Connections guide for CDC connectors

This quick guide discusses Decodable’s CDC connectors for relational databases. It looks at their common behavior, explains when and how to make changes, and addresses typical issues you may face when deploying Decodable connections based on these connectors.

Common behavior

When activating a CDC source connection, the stream mappings and stream schema are bound to the connection at activation time. The configured tables and the corresponding stream fields will be captured and any given configuration applies until the next activation of the connection.

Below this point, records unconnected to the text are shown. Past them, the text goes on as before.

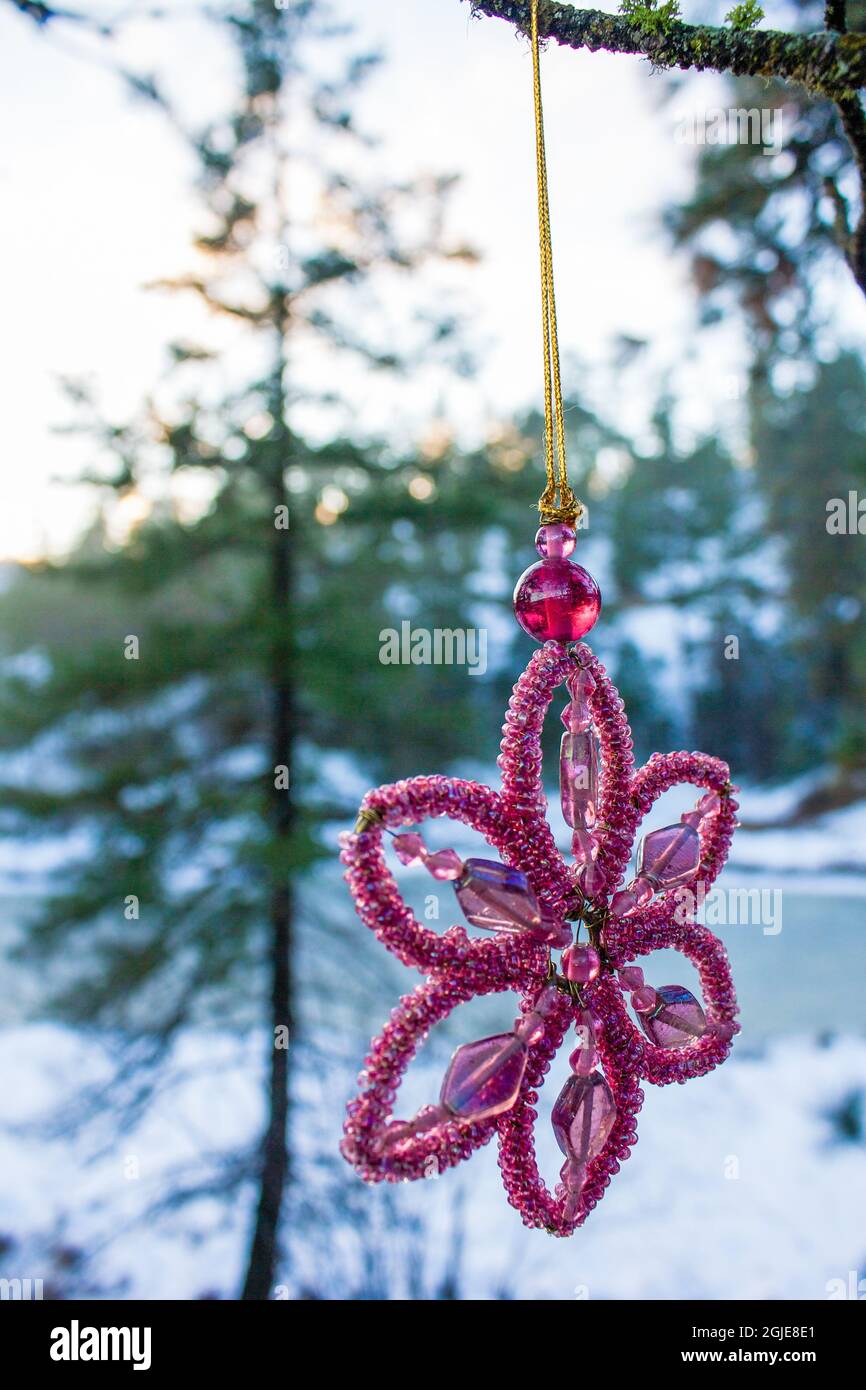 Snowflake shaped Christmas ornament hangs on a branch in a snow covered forest Stock Photo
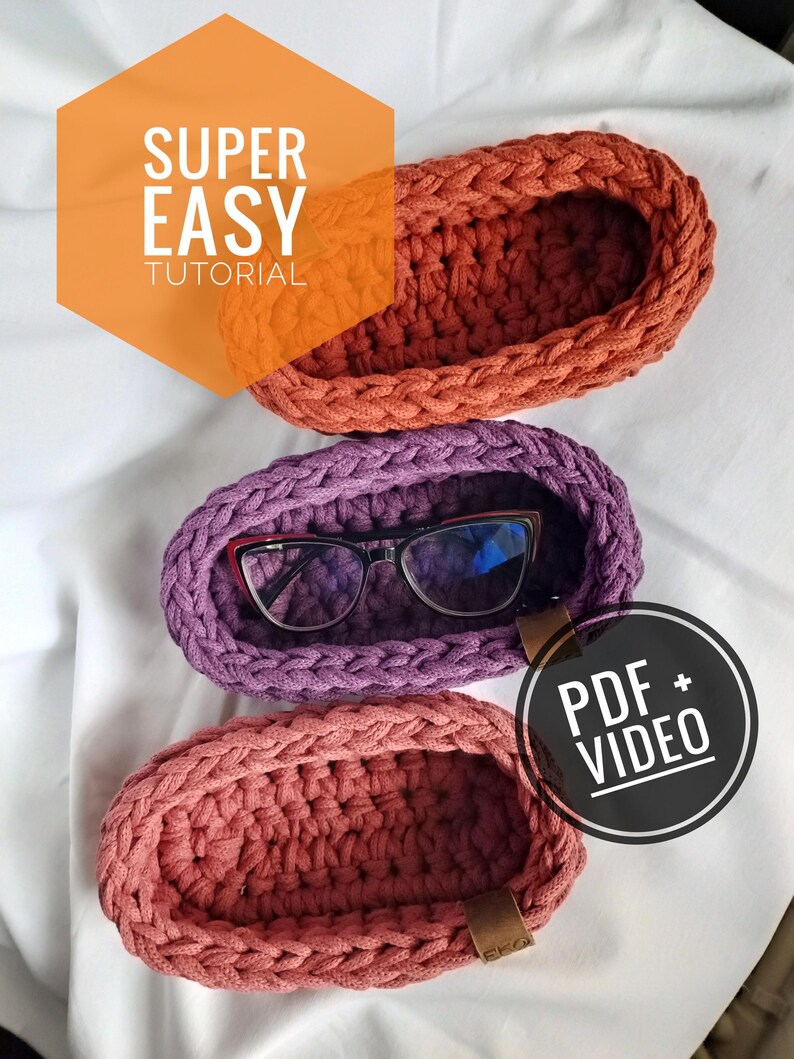 May include: Three crocheted oval-shaped baskets in different colors: orange, purple, and pink. The baskets are made with thick yarn and have a simple design. The text "SUPER EASY TUTORIAL" and "PDF + VIDEO" are visible in the image.
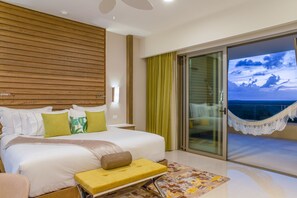 A hotel room with a large bed, a small bench, a view of the ocean through a sliding glass door, and a balcony with a hammock. - Oceanfront Paradise: Stunning 2-Bedroom Suite in Luxurious 5 Star Resort (Cancún)
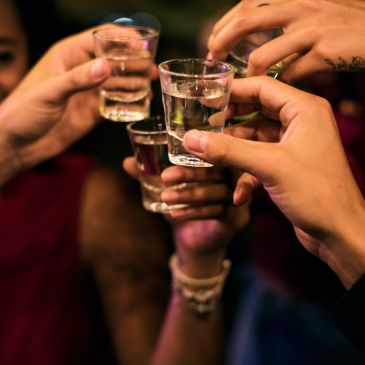 Personas brindando con shots de licor.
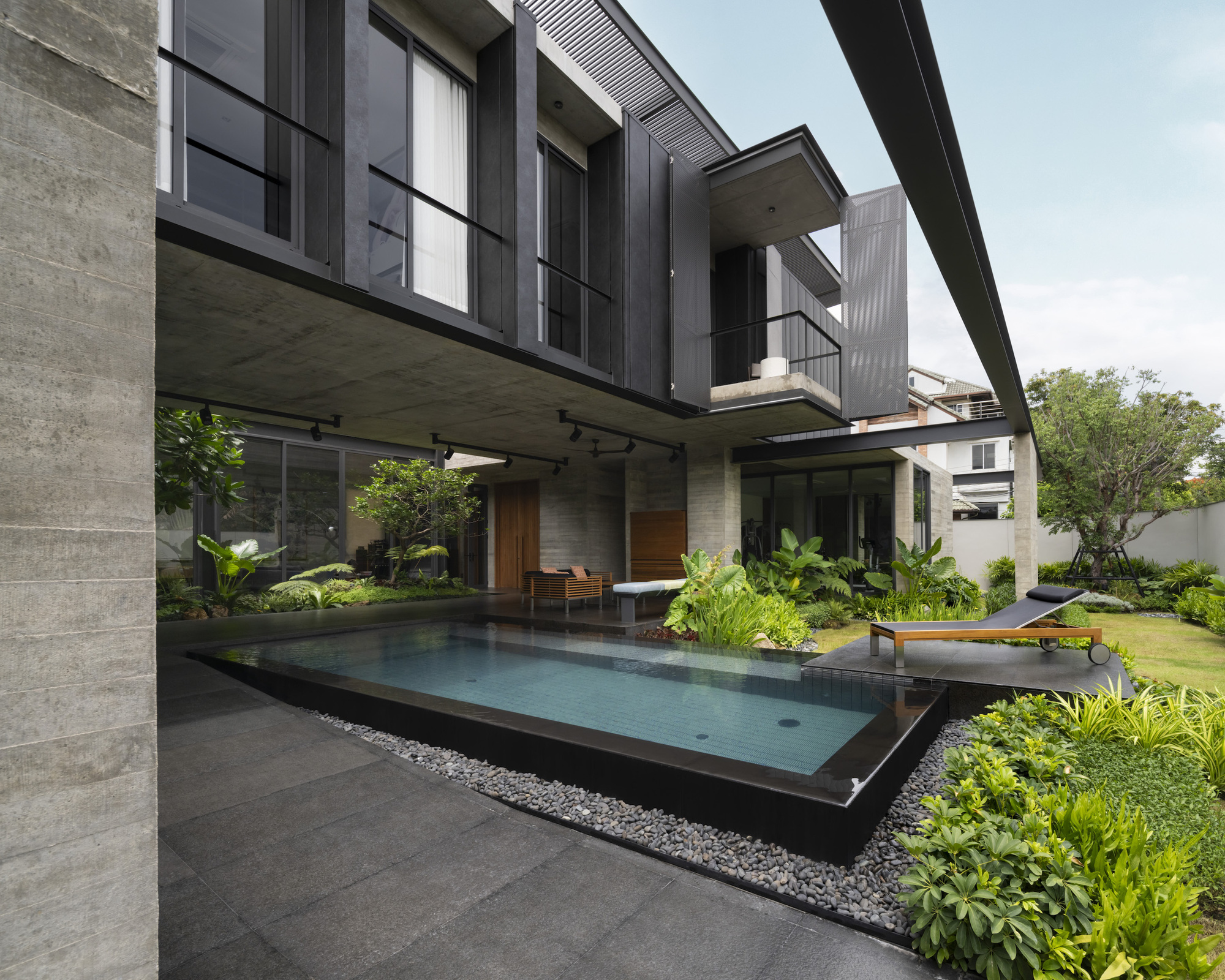 Garden courtyard showing the elevated dark volume cantilevering over the pool and terrace below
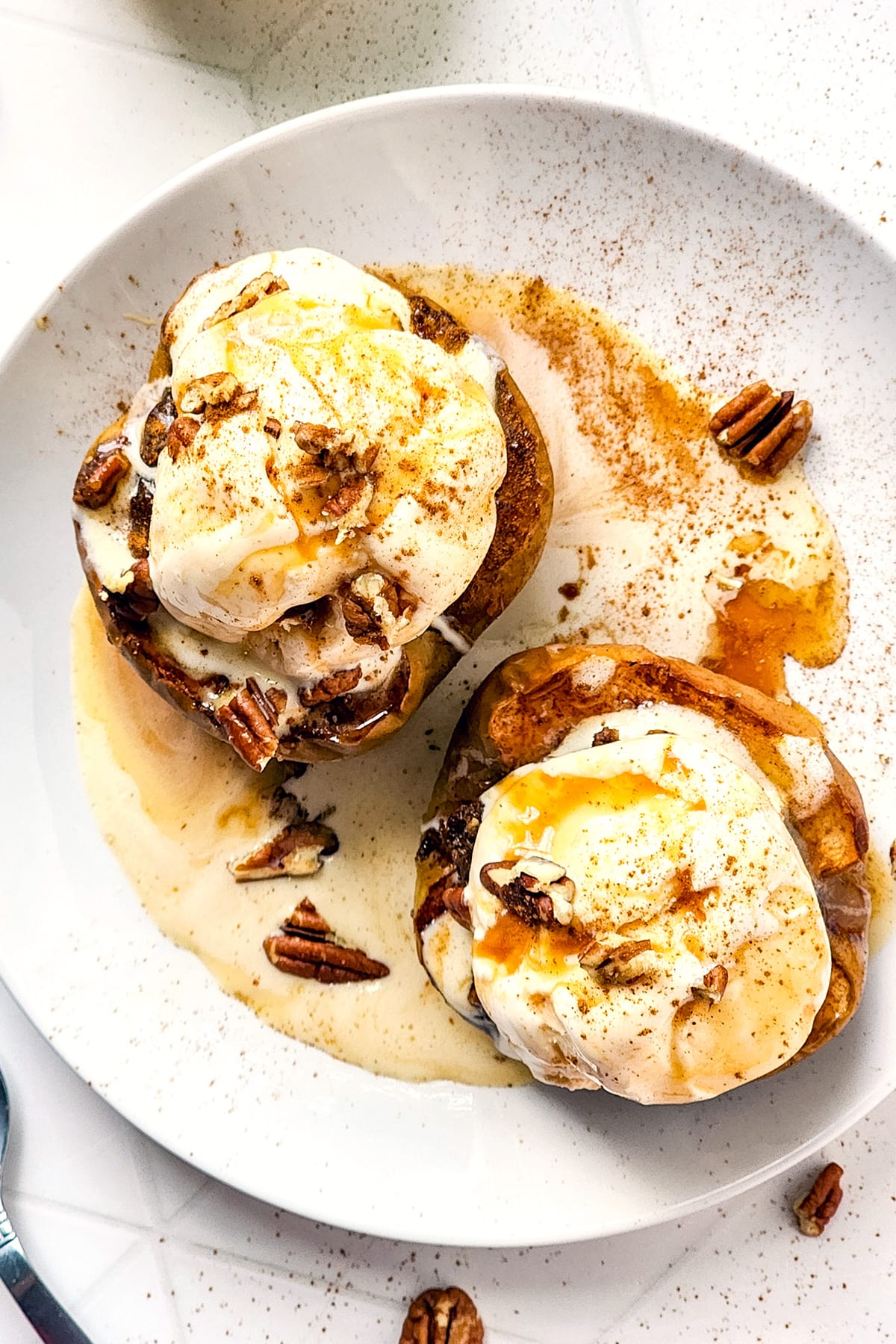 baked cinnamon apples with ice cream on top.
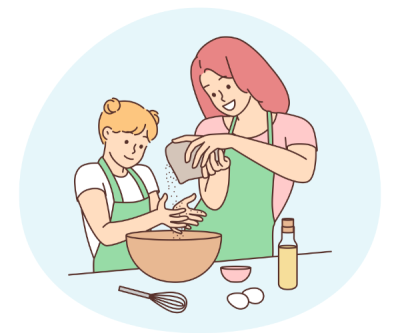 A blonde girl has her hands out over a mixing bowl while her mother, a redhaired woman, pours flour. They are both smiling, other cooking instruments are spread out on the table in front of them.
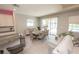 Bright dining room with table, seating for six, and sliding glass doors leading to the pool area at 3052 Living Coral Dr, Odessa, FL 33556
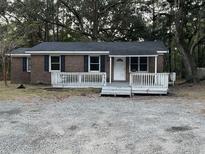 Brick ranch house with front porch and gravel driveway at 4429 Highway 174, Hollywood, SC 29449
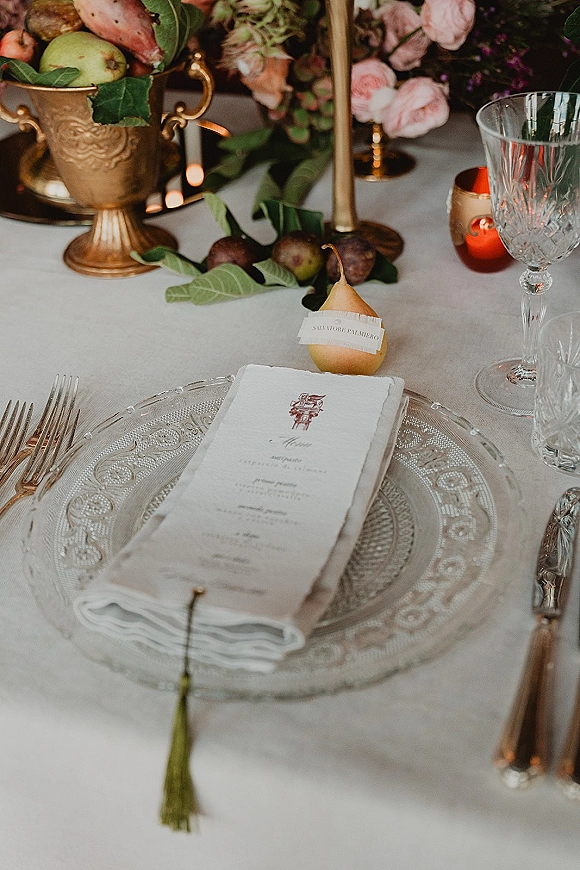 Wedding tablescape with a wedding place setting featuring a pear place card, blush roses, greenery garland, and gold taper candles on white linen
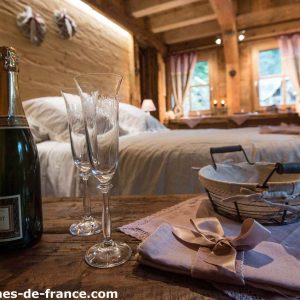 Cocon romantique en cabane, avec champagne et décor en bois chaleureux.
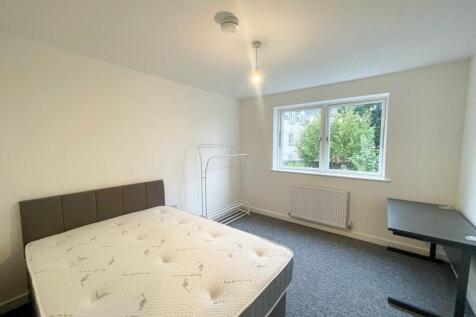 This spacious double bedroom features a comfort...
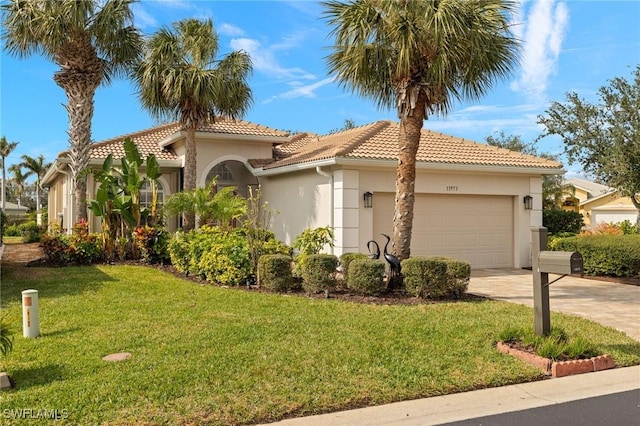 mediterranean / spanish-style home featuring a garage and a front lawn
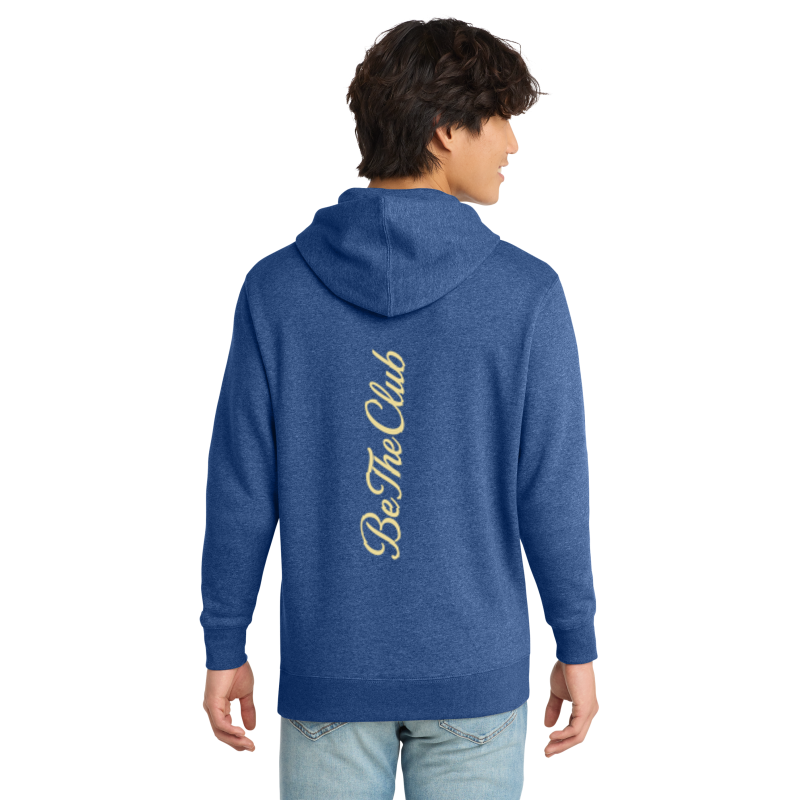 Person wearing a blue hoodie with 'Be The Club' text on the back, on a white background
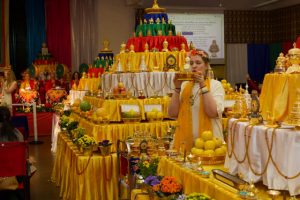Ritual offerer (chödpön) Elena Kamarova of Moscow, Russia makes offerings to the southern mandala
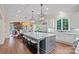 Gourmet kitchen featuring a marble island, custom cabinetry, and stainless steel appliances, perfect for cooking and entertaining at 18718 Peninsula Cove Ln, Cornelius, NC 28031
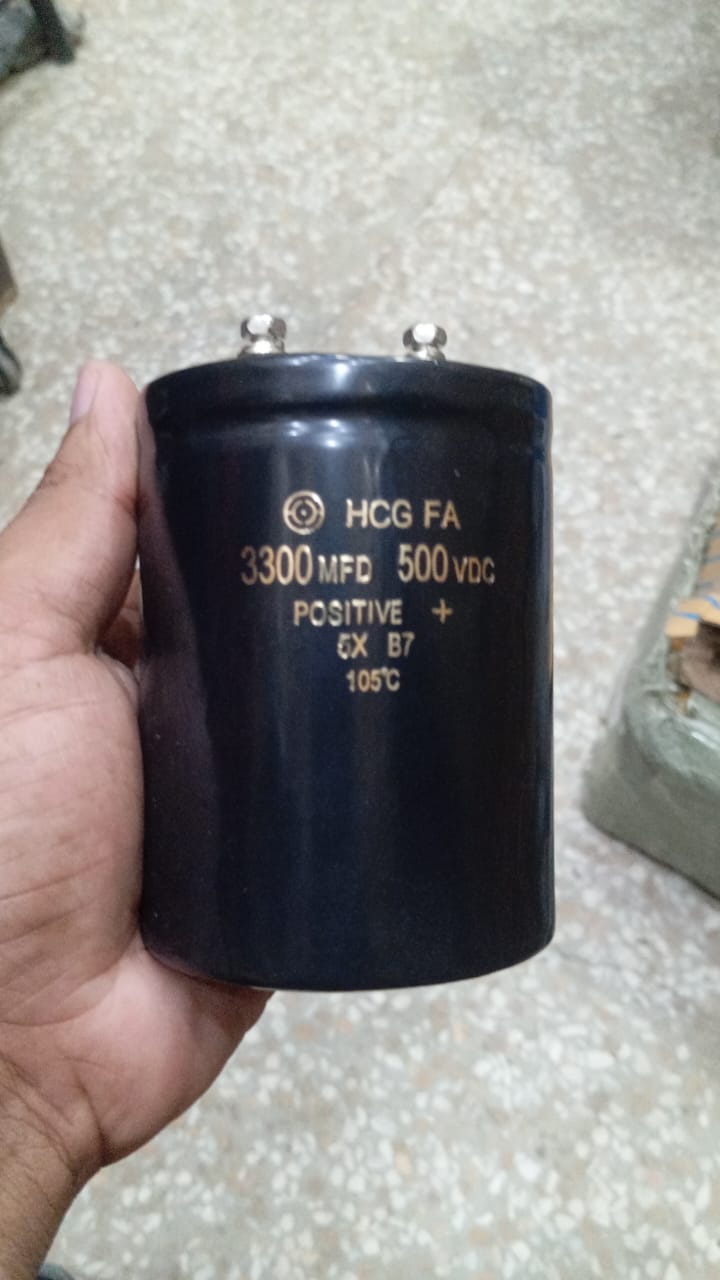 3300µF 500V Electrolytic Capacitor price - a large black cylindrical component held in a hand, featuring two metal terminals on top and printed technical specs.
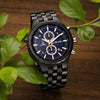 Close-up of engraved back of ebony wooden watch with custom text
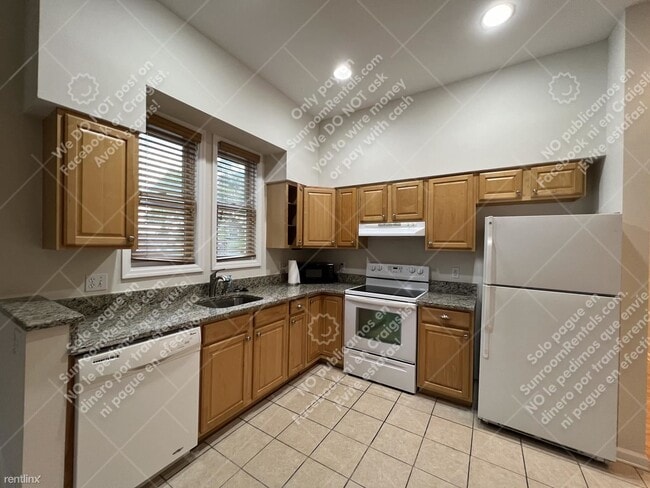 Building Photo - 2 br, 2 bath 4plex - 2006 E 4th Ave B B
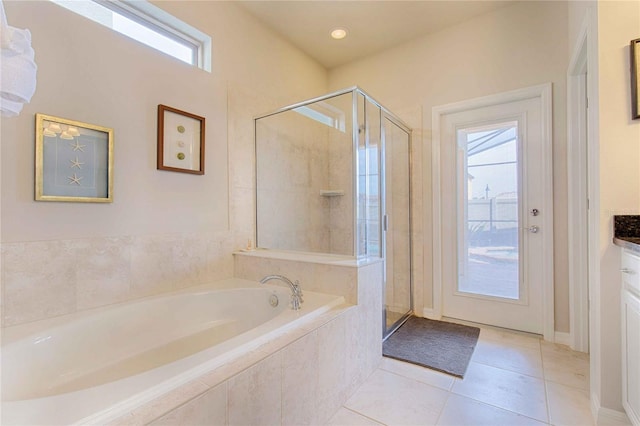 bathroom with tile patterned flooring, shower with separate bathtub, and vanity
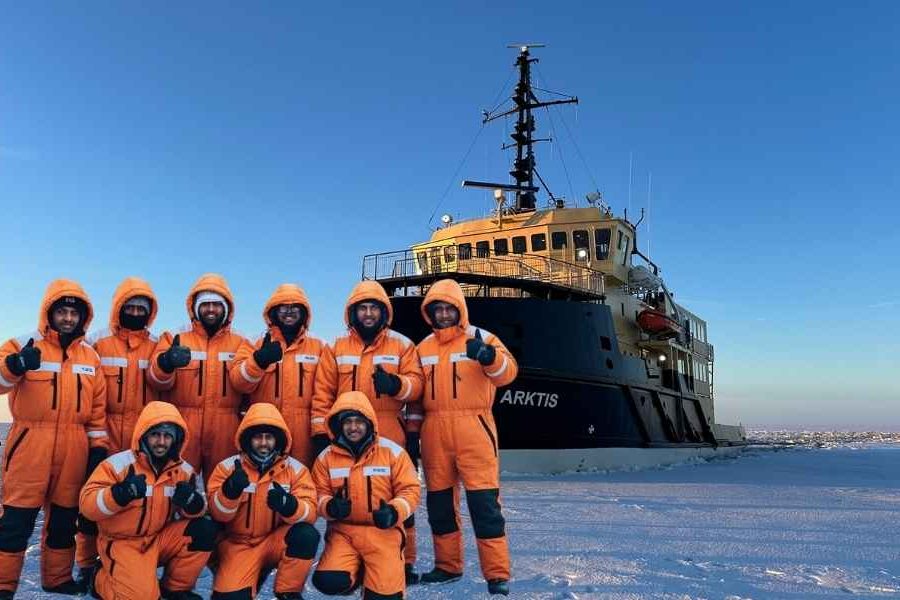 Travelers from India enjoying the 12-Day Finland Northern Lights tour in front of the Icebreaker cruise in Kemi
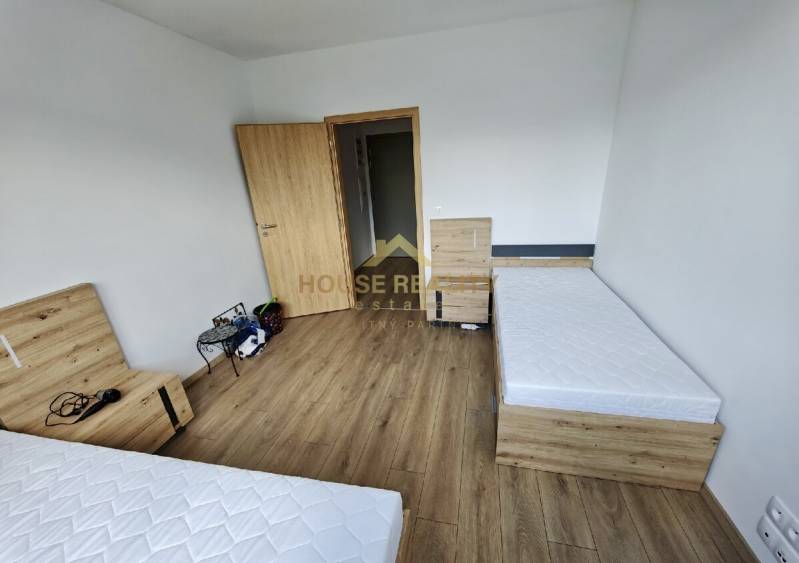 A bedroom with two single beds and wooden flooring, 3-room apartment.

Any schema changes happening in the upstream database tables - for example new columns added or column data types changed - won’t be automatically picked up. This means that columns added upstream to tables tracked by the connection will be ignored, until they’re manually added to the corresponding Decodable stream, and the connection is restarted.

Connection failures

A connection will fail when it’s unable to successfully deserialize an input record based on the specified stream mappings and schema. This typically happens if a backward incompatible change is made to the tables or columns bound to the connection, for example:

a NOT NULL column is dropped
a column’s data type is changed from String to Date

Updating connections

Any change to a connection’s configuration requires a restart of the connection. While some updates are state compatible others require resetting the state.

Read Connection starting state and offsets to learn more.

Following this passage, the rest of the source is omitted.